Hanno quindi dato conferma di quello che lei racconta nel film.
“Nel film in ogni caso è tutto reale, anche i dettagli.”
La cosa preoccupante è che anche le nuove generazioni, i ragazzi si fanno portavoci di queste idee violente, come il ragazzino che nel film realizza video di propaganda. Si tratta di episodi isolati o si sta diffondendo veramente questa tendenza in Francia?
Sono dei casi un po’ isolati ma ce ne sono diversi. La maggioranza dei voti al Front National è dei giovani e poi ce ne sono sempre di più che diventano militanti di movimenti estremisti. Non parlo solo di ragazzi ma anche di ragazze e non parlo solo di operai, di quel tipo di classe sociale, ma anche di ragazzi che frequentano l’università. È veramente trasversale come fenomeno.
C’è una connotazione trasgressiva in questa scelta, e poi si tratta di generazioni post-ideologiche, ragazzi che sono nati dopo gli anni ’80 in periodi in cui la destra e la sinistra democratica erano portavoci più o meno delle stesse idee politiche e questo ha dato uno spazio gigantesco al discorso populista.
Lei ha notato se dopo i diversi attacchi terroristici in Francia persone anche di sinistra, con idee democratiche, hanno sviluppato questo tipo di pensiero estremista per paura, per disperazione?
“No, gli attentati non hanno avuto nessuna influenza. Si sono fatte condizionare di più le persone che hanno subito la crisi o la trasformazione sociale, che hanno perso il lavoro. Gli attentati non hanno giocato in favore dei partiti populisti. Poi ci sono stati dei fattori reali che hanno fatto in modo che questo non accadesse: per prima cosa dopo l’attentato a Charlie Hebdo Jean-Marie Le Pen ha dichiarato Io non sono Charlie io sono Carlo Martello, figura dell’800 che avviò una battaglia contro i musulmani, quindi una figura di estrema destra.

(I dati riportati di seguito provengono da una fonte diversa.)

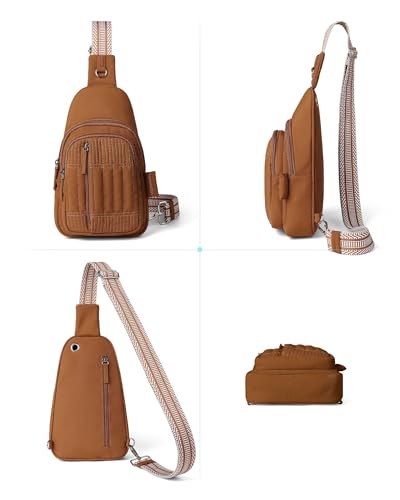 HomemeDiary Sling Bag Quilted Crossbody Bags for Women Cross Body Purse Puffer RFID Fanny Pack for Travel, Hiking, Daily - color: Dark Brown With Guitar Strap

Il secondo elemento è stato che gli attentati del 13 novembre hanno avuto luogo in un quartiere di Parigi frequentato dalla classe borghese che è considerata il nemico dal Front National e allo stesso tempo quello dei jihadisti.”
Questo film può essere uno strumento di sensibilizzazione per le prossime elezioni?
“Forse non per queste imminenti perché è un po’ tardi. Non basta questo film, ce ne vorrebbero altri, ogni sfaccettatura della cultura deve contribuire: la letteratura, il teatro, la musica devono lottare per far capire qual è il vero ideale democratico, per contrastare questa estrema destra. Penso che da secoli, da Omero, è la cultura che è riuscita a cambiare il mondo più di quanto non abbia mai fatto la politica.”